Obviously, it’s not a misnomer. It used to be an old church, so the main room has this giant vaulted ceiling. And it was perfect for what we were trying to capture. The studio itself was wonderful and the people were great. Like I said, you can sort of feel the history in there and we had a wonderful time.

Photo Credit: Amy Harris/The Travel Addict

Did they let you touch or play any of Woody’s guitars?

We didn’t. We went up the street to the Woody Guthrie Museum, and they were closed because they were preparing to launch the Springsteen exhibit. But luckily, they let us in to look around. We went in and were able to see both Woody Guthrie items and the Bruce Springsteen exhibit and that was super cool. We didn’t get to put our hands on anything physically, unfortunately, but we were close to it.

The band has a tour coming up with the new album. Will this be different since the new album has such a different feel to it?

Yes, it will be different. We’re playing theaters across the country for the first time ever. So that’s out of the ordinary for us. We’re all very much looking forward to it. We are all very excited about these songs. It’ll be nice to sort of strip everything down and play these songs as we’ve presented them on the record.

How do you think the album will resonate with the fans? It’s a pretty politically charged time.
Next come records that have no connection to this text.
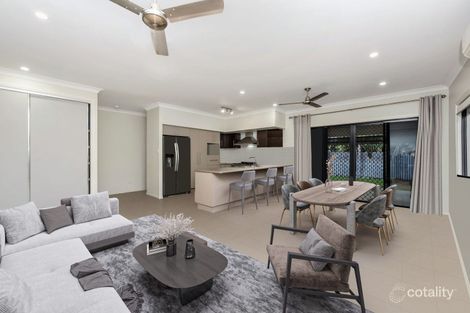 Property photo of 68 Hillock Crescent Bushland Beach QLD 4818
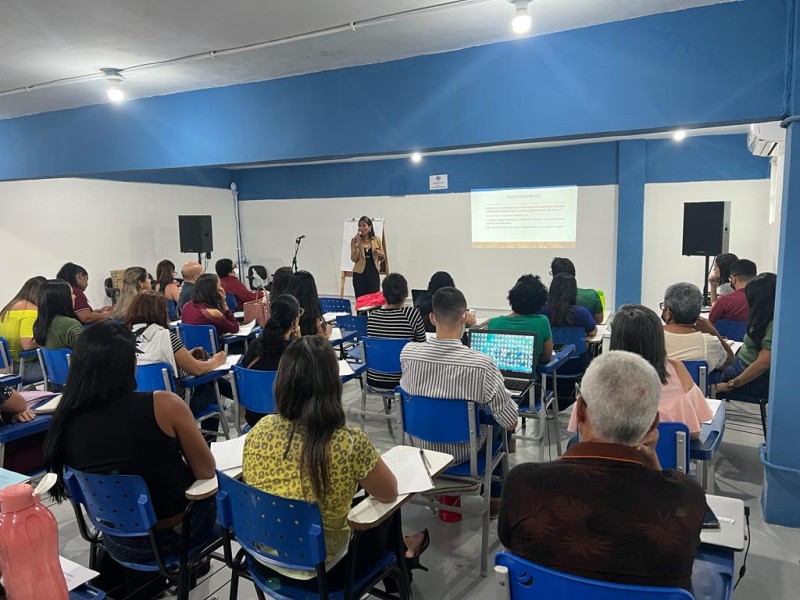 Foto: Reprodução/Prefeitura de Alagoinhas - BA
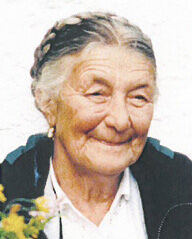 Profilbild von Marianne Rainer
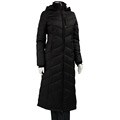 Steve Madden Women's Long Hooded Parka
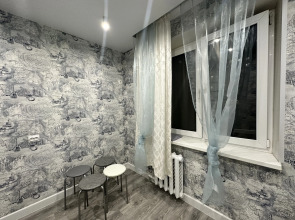 Квартира в Тихом Районе Города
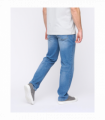 Rushawn Relaxed Fit Jeans Light Wash W30 L32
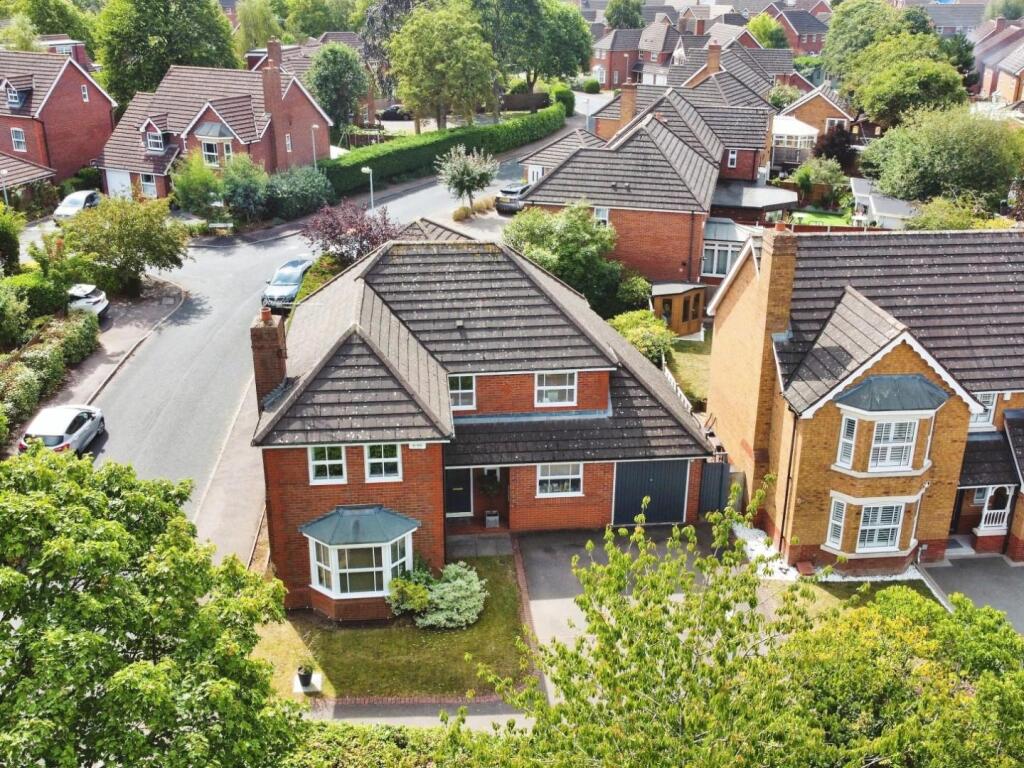 Additional image 24 of Casern View, Sutton Coldfield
I’m hoping that people that people will love it. Between the messages and just the sound of everything. It’s a very different sounding record for us.  I can only go by what I felt when I heard it all completed for the first time when it was all mixed and everything. We’ve put out a lot of albums and I’m really excited about this one.
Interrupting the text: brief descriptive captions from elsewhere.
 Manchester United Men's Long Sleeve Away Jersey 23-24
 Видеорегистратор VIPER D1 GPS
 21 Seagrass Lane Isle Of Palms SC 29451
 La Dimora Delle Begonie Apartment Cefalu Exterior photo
Are there particular songs you like to play on the record, some that resonate with you?

There’s only a couple of songs that we’ve played so far, but the first single that came out “Two 6’s Upside Down” I was very excited about it. It sounds so different for us and the lyrics were so cool. I was excited for everyone to hear that. We’ve been playing that song live. And then there’s a number of songs on the record that that I can’t wait to play.
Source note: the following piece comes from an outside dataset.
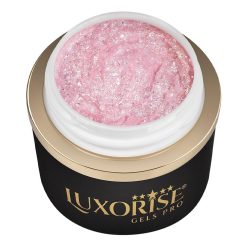 Gel Design 3D LUXORISE - Royal Glitz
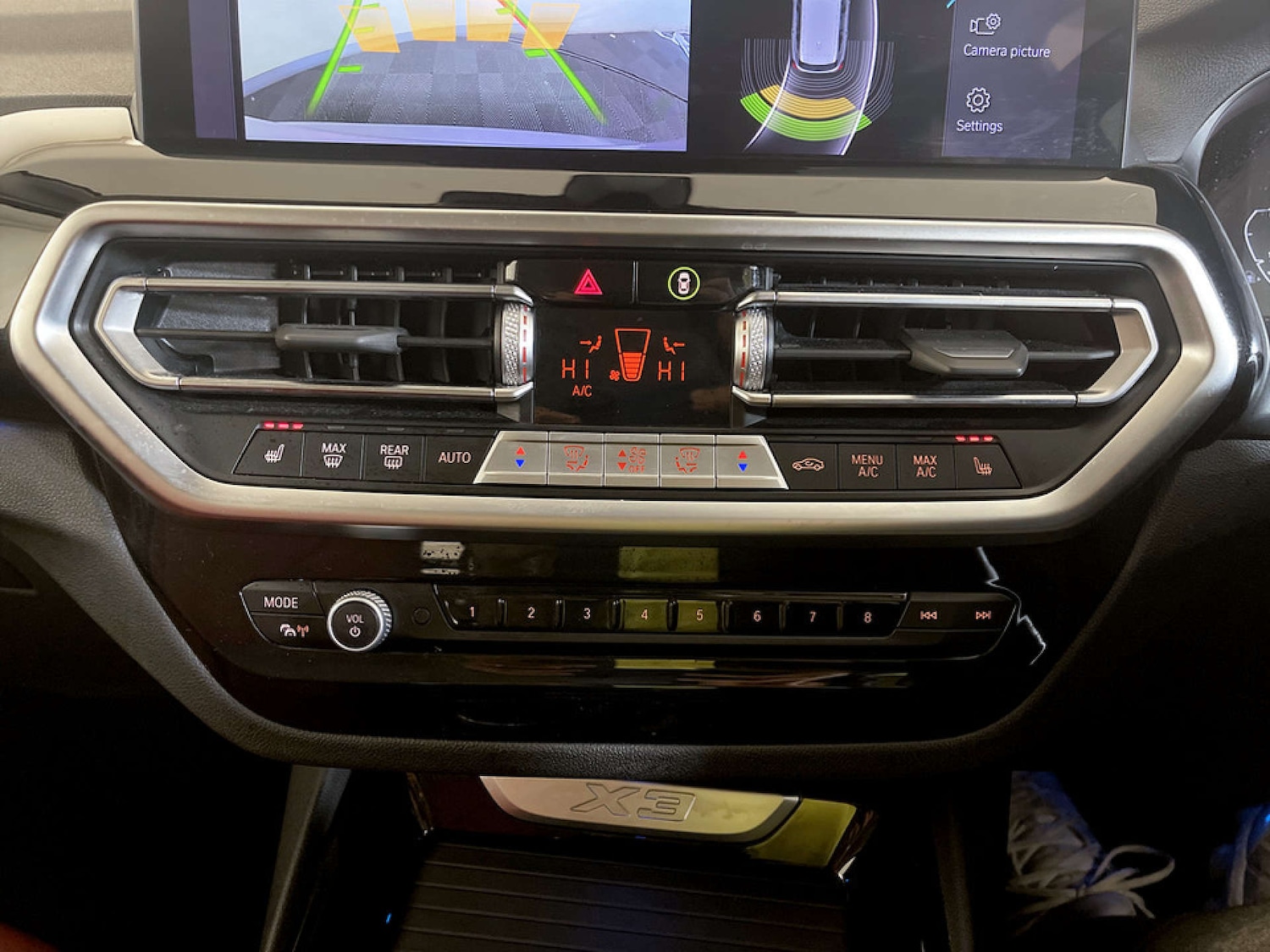 Used BMW X3 2022 for sale - 77186032: Photo 27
There’s one toward the end of the record, that’s a slower, sort of piano-driven one called “Waters Are A’ Risen.” I’m can’t wait to play that live. The song lyrics are about Guthrie being on a ship in the middle of wartime and having a torpedo slam into the side of it in Europe.

I’ve been traveling to Boston a lot this year for work. I want to know where to go, what to do, and what to eat from an expert.

I spent a year living in the north end of Boston, which is the Italian neighborhood. And that that was pretty intense. I was there for the summer and they have a lot of those Italian summer festivals throughout the summer months.

A few of those North End Italian restaurants are some of the best I’ve ever been to. The Seaport District is also nice. I’m a sucker for the water, so anytime I can be near the ocean like that is great. There’s like a classic, lobster roll shack, Yankee Lobster that people seem to really enjoy. The Freedom Trail is also in the North End for a walk.

There is also a big cannoli debate in Boston. I have tried Mike’s Pastry but what is your favorite?

Mike’s is definitely the more famous one. But there’s another bakery on Salem Street, there’s a bakery called Bova’s that is just unbelievable.

I lived right up the street from there. And unfortunately, they’re open 24 hours so I would walk down there at like two in the morning and get a bag of cookies. There’s some really great stuff there.

Anything fun outside of Boston that you would recommend?

I would highly recommend Cape Cod and Nantucket. I feel like I never have to go far on vacation ever again when I am there.  To get to Nantucket you have to take a ferry but it’s only like 45 minutes from Hyannis, which is right down there on the Cape, just a beautiful place.